Block grant will effect schools budget



March 10, 2015 - 12:00 AM

In recent weeks USD 257 has peeled back the district budget layer by layer to find possible budget cuts. At Monday night’s school board meeting, board members and Superintendent of Schools Jack Koehn evaluated which actions should be taken and which should be left in place.
Kansas school districts currently are being presented with a block grant by the Brownback administration. The block grant bill would make cuts this school year. For Iola, it will affect the Local Option Budget (LOB) and capital outlay but would leave the general fund alone for the current year.
Koehn said the grant affects poorer districts the most. Iola is looking at a cut of $62,000 for LOB and $59,000 for capital outlay, totaling $121,000 in cuts.
The Legislature is working quickly to pass this grant; it could be approved by the end of the week.
“What will happen is capital outlay and LOB will be frozen for years two and three. There will be a slight increase in the general fund,” Koehn said.
There is still a hole in the state budget that needs to be filled. It will be filled through sin taxes, highway funds, and, possibly, by delaying tax cuts. It also depends on whether revenue matches each month.
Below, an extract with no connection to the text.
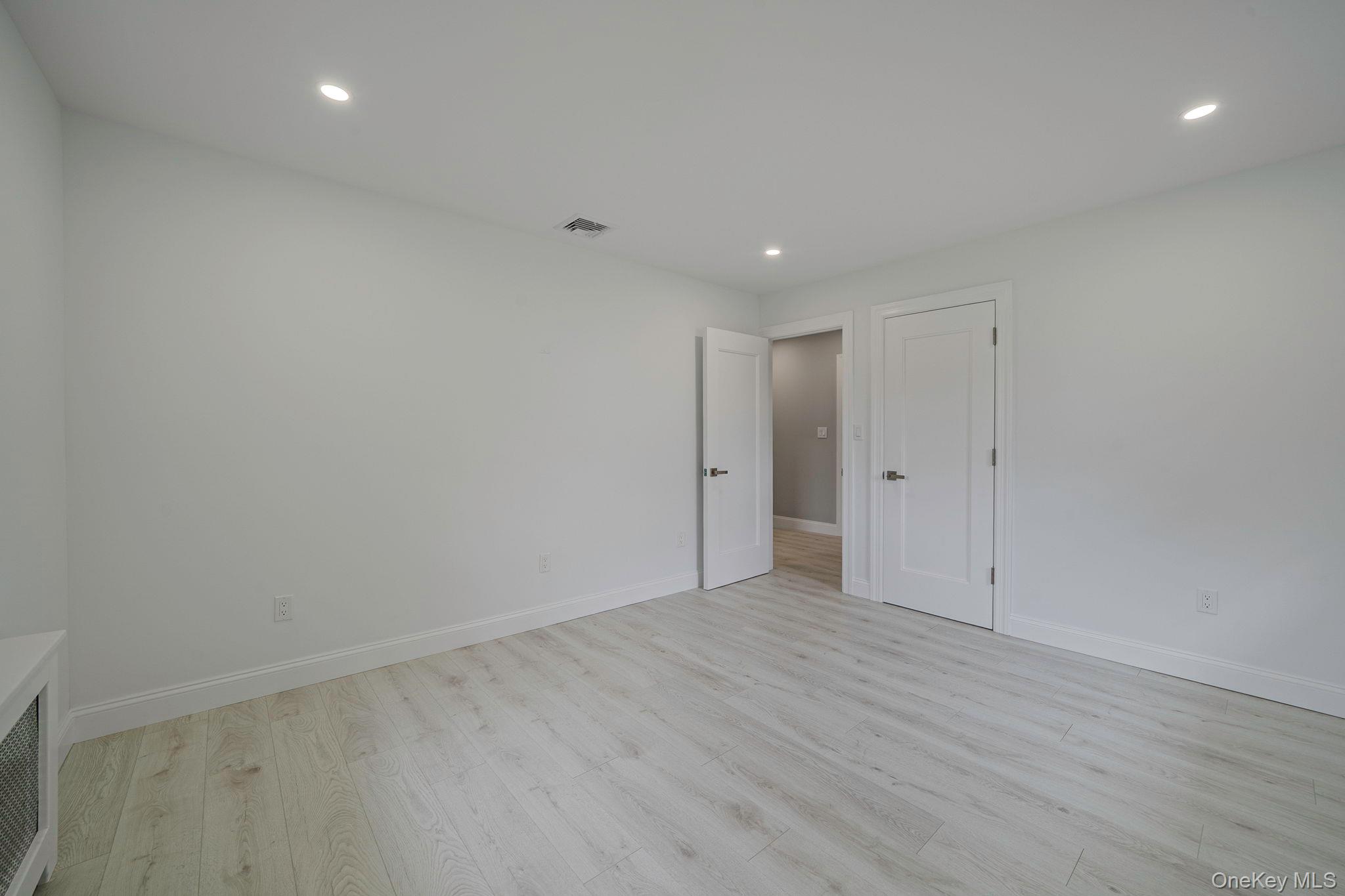 827 Aberdeen Road, West Bay Shore, NY 11706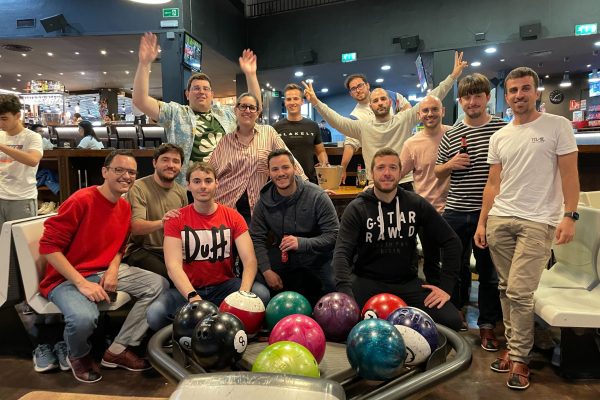 equipo-doonamis-teambuilding Equipo de la empresa Doonamis realizando una actividad de teambuilding en una bolera.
Koehn said it would be beneficial to look at the things the board could cross off the budget matrix. The first and most important thing placed into consideration concerned how the cuts would affect the students.
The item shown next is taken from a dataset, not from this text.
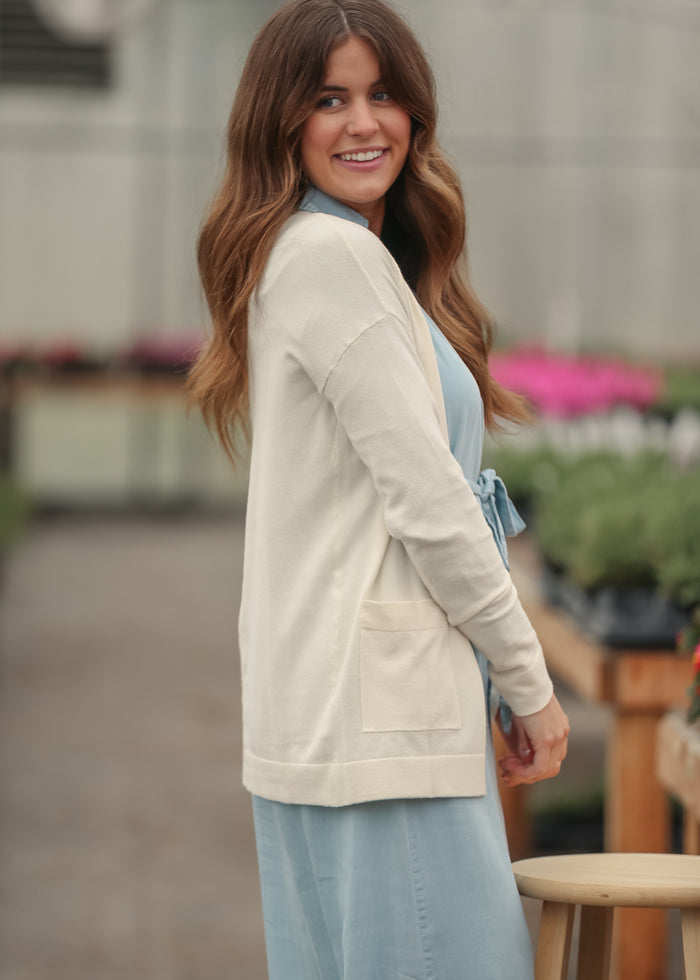 Essential Cream Short and Soft Cardigan IC Layering Essentials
Many area schools are considering moving to a four-day school week but board members agreed this isn’t the best fit for the students.
“I don’t think it’s a great option for Iola,” Koehn said. “I don’t think it’s great for kids in terms of staying home on a Friday and parents having to scramble for childcare. The savings aren’t worth the cultural impact.”
Another option was to offer a buyout to staff members who are of retirement age. The idea of the buyout looks great on paper but there are some hiccups in its possible implementation.
“The figures I used are not specifics but I used the average teacher salary versus what I could hire with a new teacher,” Koehn said. “We are looking at around $6,000 in savings but that scenario may not work out all the time.”
Koehn said things would have to work out perfectly in terms of saving dollars for the district and the savings on a buyout would shrink each year. In 2008 the district offered a retirement buyout and only four faculty members took it. Currently there are 30 teachers available for retirement. Board members said it would not be fair to offer a buyout to some and not others.
Eliminating middle school activities has been bumped from the cut list. The board president said he felt eliminating middle school activities would affect the students too much.
“It is the most important time of their life to be involved in something,” Leavitt said.
The board also agreed to keep the school nurses off of the budget cut list. It would impact the students and cause a large liability for the district if a nurse was not present. The board will also hold on to elementary counselors and will not outsource payroll. Summer school will also continue.
Some items will continue to be looked into. The Bowlus Fine Arts Center is a big item on the cut list. The board members have considered no longer using the Bowlus for classes and instead having the high school band students walk to the middle school and use the band room there. Clyde Toland, an Iola attorney, has suggested the decision be made in court. Also, the University of Kansas should be contacted. The board members wish to evaluate the payment further.
The board will continue to look into eliminating district librarians. This could save the district $160,000 with salaries. However, elementary teachers expressed dismay at this possibility. Many stated the librarians do more than just check out books. They also help teach the children and work within the curriculum.
Replacing block scheduling with a seven-period day was weighed on the budget scale. Some parents felt that block scheduling allowed their children to explore extra-curricular activities.
 “Most of the block schedules have a good mix of lecture and assignments,” Lisa Wicoff said. “If they have 20 minutes of homework a night for seven periods that is a lot of stress on them. There is a benefit to the electives.”
“I want to see our math scores go up and a seven-period day would help,” Koehn said. “There’s a benefit to seeing kids every day as opposed to a hit or miss thing.”

IN OTHER news SAFE BASE director Angela Henry spoke to the board about funding for the after-school program. SAFE BASE is funded by grants and the organization will not have a summer program this summer. Henry asked the board for approval to apply for a $75,000 grant. The grant would help fund a summer program for 2016. The deadline for the grant is April 2. Henry will return to the next meeting with more information on what the 2016 trip would be.
The board accepted the resignation of Greg McCullough as custodian, Krystal Henderson as a high school teacher and Bill Peeper, high school boys basketball . The board approved the hiring of Heather Jones for transportation and Lewis Clark as custodian.